Damit wird die Musik als Mittel der regionalen Verständigung und des Austausches einen immer höheren Stellenwert erhalten. In dieser Hinsicht muss man voneinander zuerst überhaupt mal Kenntnis nehmen. Schon nur die Einsicht, dass «Volksmusik» in der Deutschschweiz anderes abdeckt, als «Musique Populaire» in der Romandie, ist erhellend. Auf der Kompilation, die Musiques Suisses, das Label des Migros-Kulturprozents präsentiert, zeigt sich die Spannweite, die von Einflüssen aus dem französischen Umland über die spezielle Rolle des Akkordeons, das hochstehende Chorwesen ‒ es ist vermutlich lebendiger und vitaler als in der Deutschschweiz ‒ bis zu den Harmoniemusiken reicht.
Die CD ermöglicht Begegnungen mit Forschern und Experimentatoren wie Musica Dinche, die sich der traditionellen Musik der frankoprovenzialischen Alpen verschrieben hat, oder dem Duo Pellaux, das an jurassische Traditionen anknüpft. Etliche der vertretenen Ensembles entwickeln aber auch eine ehrgeizige internationale Tätigkeit, etwa das Ensemble Ambitus, das an der Weltmeisterschaft der Brass Bands im holländischen Kerkrade teilnimmt, oder der Choeur du Collège St-Michel, der sich zeitgenössischer Volksmusik ebenso widmet wie der Teilnahme an internationalen Wettbewerben.
Andere wiederum machen es sich gerne zum Ziel, das heutige Repertoire mit eigenen Kreationen und Kompositionsaufträgen zu erweitern, Chanson de Fribourg etwa, das Werke seines Leiters Pierre Huwiler aus der Taufe hebt, oder die Musikgesellschaft L’appel du Manoir, die eine Eigenkomposition seines Dirigenten Etienne Crausaz präsentiert. Das Octuor Vocal de Sion singt heute gar nur noch speziell für es komponierte oder adaptierte Stücke von Komponisten aus dem Wallis oder anderen Regionen der Schweiz.

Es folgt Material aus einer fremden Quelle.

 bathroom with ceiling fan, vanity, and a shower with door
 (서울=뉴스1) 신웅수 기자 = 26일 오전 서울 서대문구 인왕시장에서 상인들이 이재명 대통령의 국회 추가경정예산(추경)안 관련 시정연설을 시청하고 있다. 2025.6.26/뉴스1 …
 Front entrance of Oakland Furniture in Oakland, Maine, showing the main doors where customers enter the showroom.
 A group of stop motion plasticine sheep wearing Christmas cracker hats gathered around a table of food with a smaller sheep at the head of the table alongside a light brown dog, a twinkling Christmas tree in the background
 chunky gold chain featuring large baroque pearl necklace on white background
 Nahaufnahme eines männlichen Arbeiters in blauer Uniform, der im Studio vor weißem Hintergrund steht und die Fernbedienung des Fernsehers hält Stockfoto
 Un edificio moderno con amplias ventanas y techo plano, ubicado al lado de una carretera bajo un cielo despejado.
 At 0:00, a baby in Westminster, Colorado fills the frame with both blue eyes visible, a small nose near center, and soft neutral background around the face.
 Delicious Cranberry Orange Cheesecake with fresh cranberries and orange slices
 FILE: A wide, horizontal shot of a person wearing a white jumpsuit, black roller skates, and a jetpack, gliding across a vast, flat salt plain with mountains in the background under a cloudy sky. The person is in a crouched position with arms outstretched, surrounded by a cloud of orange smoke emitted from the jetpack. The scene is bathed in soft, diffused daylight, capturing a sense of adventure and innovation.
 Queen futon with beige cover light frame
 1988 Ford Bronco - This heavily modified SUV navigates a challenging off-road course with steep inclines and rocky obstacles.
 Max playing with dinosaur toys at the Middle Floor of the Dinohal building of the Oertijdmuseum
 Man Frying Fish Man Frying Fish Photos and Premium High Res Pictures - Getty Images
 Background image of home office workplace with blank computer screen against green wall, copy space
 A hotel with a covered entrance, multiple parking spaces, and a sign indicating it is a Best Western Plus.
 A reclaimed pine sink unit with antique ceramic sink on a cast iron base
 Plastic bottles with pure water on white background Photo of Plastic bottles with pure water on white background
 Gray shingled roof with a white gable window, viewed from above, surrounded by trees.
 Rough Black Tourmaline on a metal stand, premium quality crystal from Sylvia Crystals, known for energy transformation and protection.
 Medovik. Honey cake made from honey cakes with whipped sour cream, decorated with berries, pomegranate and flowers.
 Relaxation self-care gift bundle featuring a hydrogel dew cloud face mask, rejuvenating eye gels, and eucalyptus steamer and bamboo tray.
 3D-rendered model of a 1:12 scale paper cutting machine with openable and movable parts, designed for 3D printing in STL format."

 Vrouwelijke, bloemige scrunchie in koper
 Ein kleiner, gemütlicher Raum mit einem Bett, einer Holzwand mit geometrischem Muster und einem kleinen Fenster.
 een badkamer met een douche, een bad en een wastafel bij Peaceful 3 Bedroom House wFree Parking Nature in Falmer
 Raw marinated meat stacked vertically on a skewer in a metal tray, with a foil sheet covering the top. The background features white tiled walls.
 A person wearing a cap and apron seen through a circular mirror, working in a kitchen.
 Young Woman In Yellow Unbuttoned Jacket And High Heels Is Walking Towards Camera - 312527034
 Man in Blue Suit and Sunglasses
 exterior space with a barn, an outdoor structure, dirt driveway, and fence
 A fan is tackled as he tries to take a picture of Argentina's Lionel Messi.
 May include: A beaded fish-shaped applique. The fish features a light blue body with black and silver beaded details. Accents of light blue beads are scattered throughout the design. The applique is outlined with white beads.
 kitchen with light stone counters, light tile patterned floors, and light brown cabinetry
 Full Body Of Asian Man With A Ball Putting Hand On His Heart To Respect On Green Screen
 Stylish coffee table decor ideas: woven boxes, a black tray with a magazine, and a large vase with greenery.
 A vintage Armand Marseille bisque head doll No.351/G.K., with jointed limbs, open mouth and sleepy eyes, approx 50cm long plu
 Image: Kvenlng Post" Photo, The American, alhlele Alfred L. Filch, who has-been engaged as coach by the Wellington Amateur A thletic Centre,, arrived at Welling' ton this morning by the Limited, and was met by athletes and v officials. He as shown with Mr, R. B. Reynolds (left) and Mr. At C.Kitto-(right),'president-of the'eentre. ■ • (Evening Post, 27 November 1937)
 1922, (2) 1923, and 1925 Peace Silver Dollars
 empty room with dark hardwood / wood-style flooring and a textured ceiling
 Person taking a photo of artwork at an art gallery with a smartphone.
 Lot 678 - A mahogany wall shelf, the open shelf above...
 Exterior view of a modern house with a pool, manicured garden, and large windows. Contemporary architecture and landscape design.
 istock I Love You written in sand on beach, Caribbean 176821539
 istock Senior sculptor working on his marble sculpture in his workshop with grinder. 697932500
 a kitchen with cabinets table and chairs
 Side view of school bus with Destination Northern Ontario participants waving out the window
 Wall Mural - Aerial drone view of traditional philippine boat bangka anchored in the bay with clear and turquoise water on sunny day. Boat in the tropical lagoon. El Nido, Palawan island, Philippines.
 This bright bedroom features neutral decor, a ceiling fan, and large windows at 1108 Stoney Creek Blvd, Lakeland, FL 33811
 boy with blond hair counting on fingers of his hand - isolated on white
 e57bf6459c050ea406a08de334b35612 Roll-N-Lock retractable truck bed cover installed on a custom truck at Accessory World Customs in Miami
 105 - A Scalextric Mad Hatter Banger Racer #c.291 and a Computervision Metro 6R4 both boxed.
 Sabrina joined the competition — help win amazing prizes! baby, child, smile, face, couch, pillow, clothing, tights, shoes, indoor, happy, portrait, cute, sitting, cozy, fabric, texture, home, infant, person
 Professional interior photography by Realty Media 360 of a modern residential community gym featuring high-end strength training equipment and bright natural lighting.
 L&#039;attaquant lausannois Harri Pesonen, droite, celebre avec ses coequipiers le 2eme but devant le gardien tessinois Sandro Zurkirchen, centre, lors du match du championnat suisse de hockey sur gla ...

Die CD ermöglicht Deutschschweizer Interessenten eine Fülle an Entdeckungen. Und wer weiss: Vielleicht motiviert sie den einen oder die andere auch wieder dazu, das Schulfranzösisch wieder etwas aufzubessern. (wb)
La musique populaire en Suisse romande. Musiques Suisses, MGB-NV 25.